Another step, however, asks potential revenge porn users to trust Facebook with their nude images before the images are shared on Facebook or Instagram.
“This new detection technology is in addition to our pilot program jointly run with victim advocate organizations. This program gives people an emergency option to securely and proactively submit a photo to Facebook. We then create a digital fingerprint of that image and stop it from ever being shared on our platform in the first place. After receiving positive feedback from victims and support organizations, we will expand this pilot over the coming months so more people can benefit from this option in an emergency.
Under the procedure, the potential victim contacts a specified victim’s rights group (depending upon their country of residence) to inform them of the revenge porn threat. They’re then instructed to send the photo to themselves using Facebook Messenger, and the victim’s rights group notifies Facebook of the submission “via a secure form.” The next steps, according to Facebook’s newsroom:
Once we receive this notification, a specially trained representative from our Community Operations team reviews and hashes the image, which creates a human-unreadable, numerical fingerprint of it. We store the photo hash—not the photo—to prevent someone from uploading the photo in the future.

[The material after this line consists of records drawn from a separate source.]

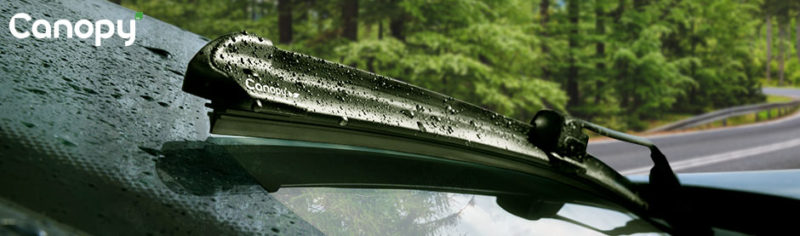 Canopy _Picture in situation_ 940x277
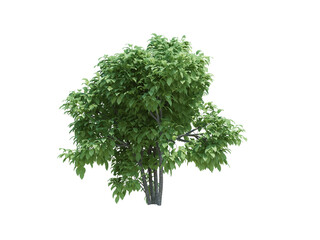 Obraz premium Drzewo obiektu natura na białym tle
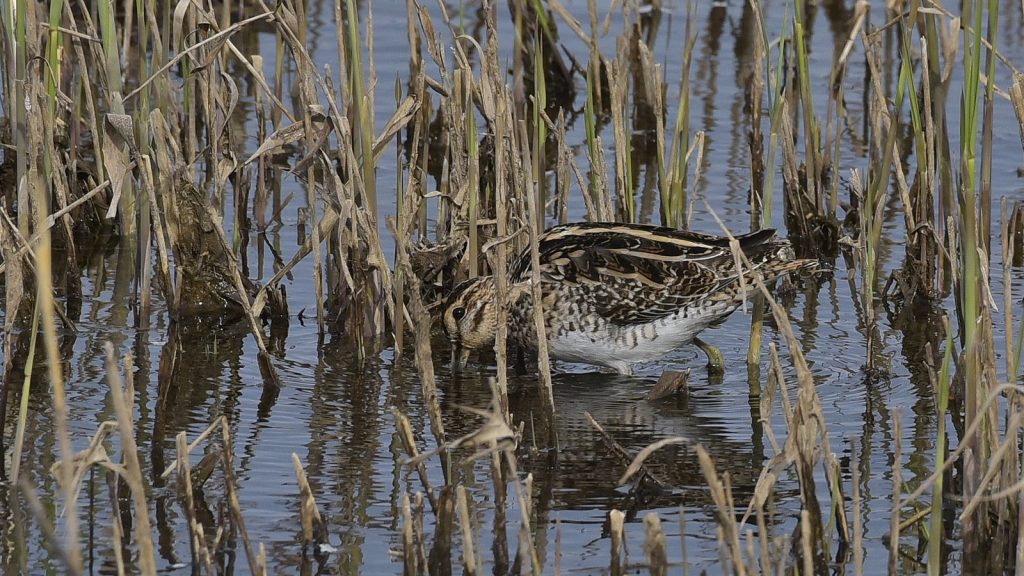 Snipe/Gallinago gallinago, photo: Mirko Kastelic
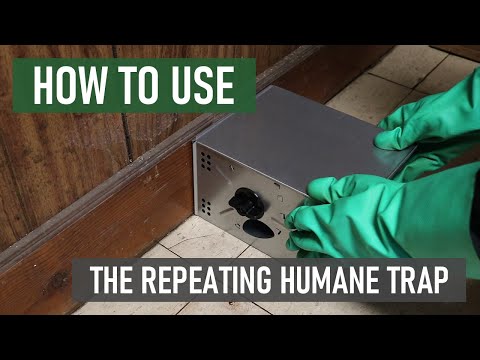 Repete Humane Mouse Trap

If someone tries to upload the image to our platform, like all photos on Facebook, it is run through a database of these hashes and if it matches we do not allow it to be posted or shared.
Once we hash the photo, we notify the person who submitted the report via the secure email they provided to the [victim’s rights group] and ask them to delete the photo from the Messenger thread on their device. Once they delete the image from the thread, we will delete the image from our servers.

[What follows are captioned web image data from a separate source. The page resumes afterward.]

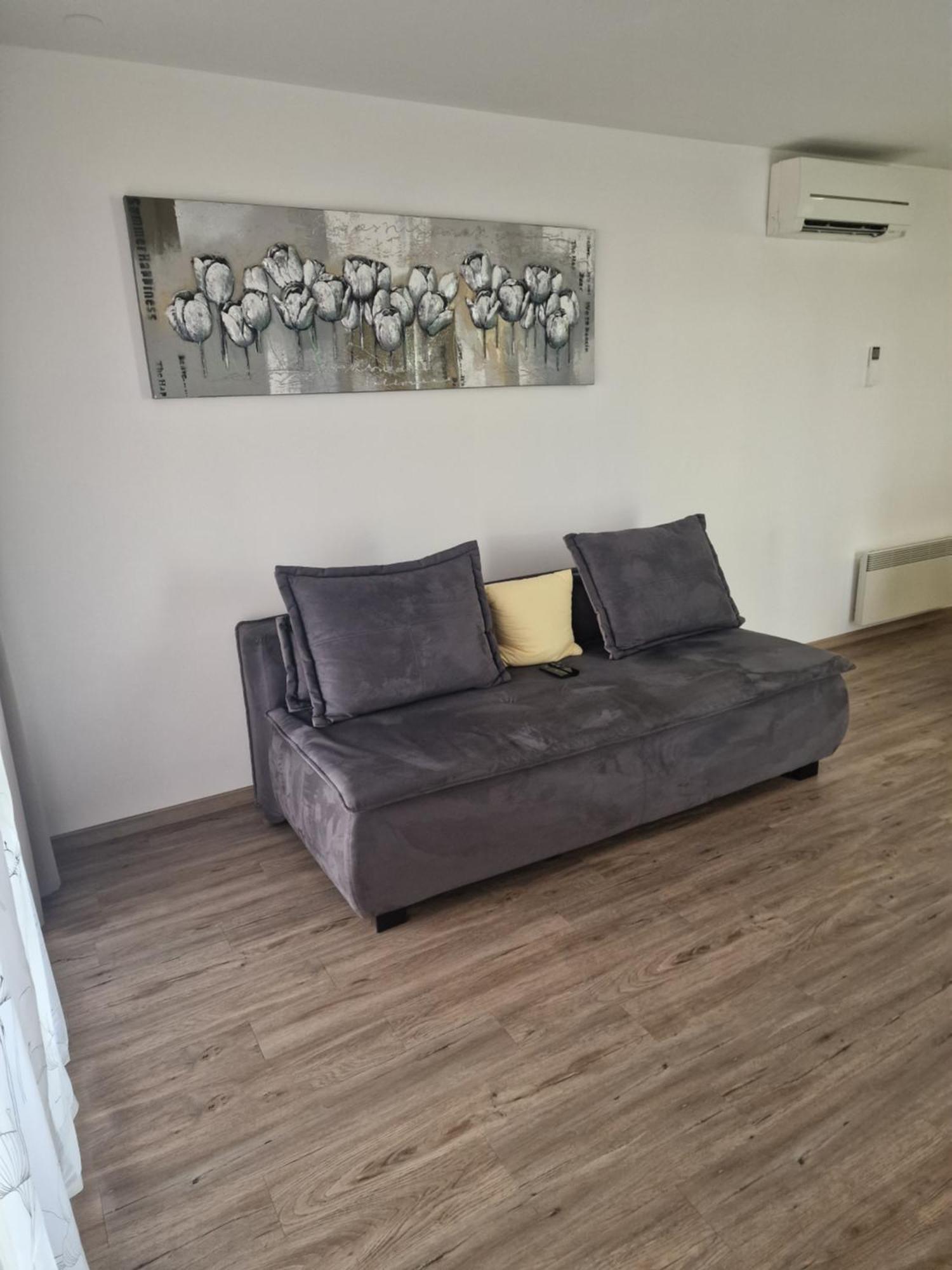 Family Apartment Moravske-Toplice Eksteriør bilde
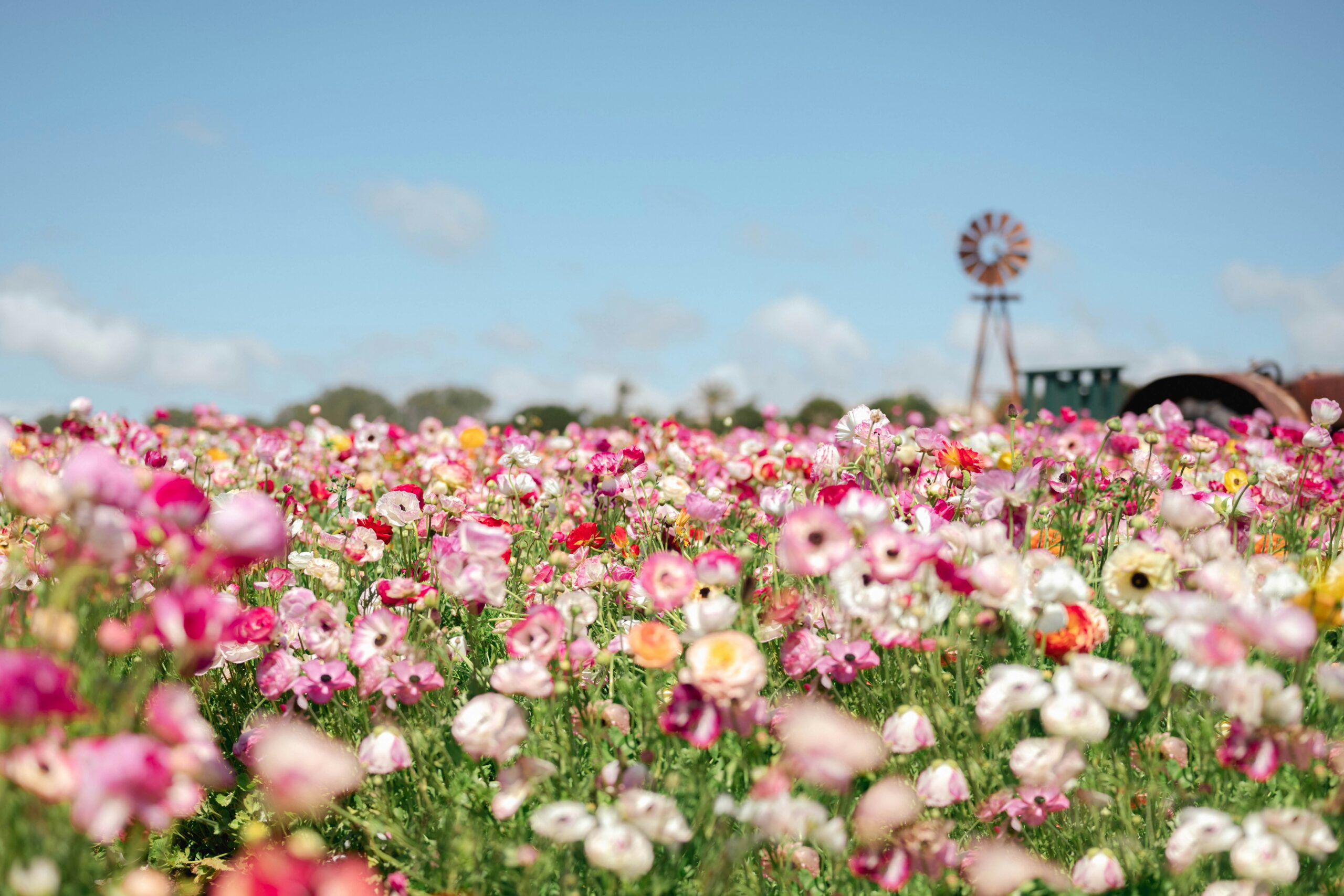 The Flower Fields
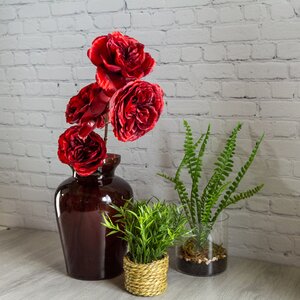 Стеклянная красная ваза Бригитта 22 см Edelman фото 3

It’s admirable that Facebook is attempting to prevent people from being victims of revenge porn. (Obviously, the first solution would be for people to not share intimate photos in the first place.) But, they expect people to send the photo to themselves on Facebook Messenger, which is notoriously unsecure, and to trust that people inside Facebook won’t somehow access these images? If the company had a stellar record of safeguarding user data and wasn’t infamous for targeting political undesirables, there might be an argument for trusting the company. With the company’s actual track record, there is not a single reason a potential victim should use this “service.”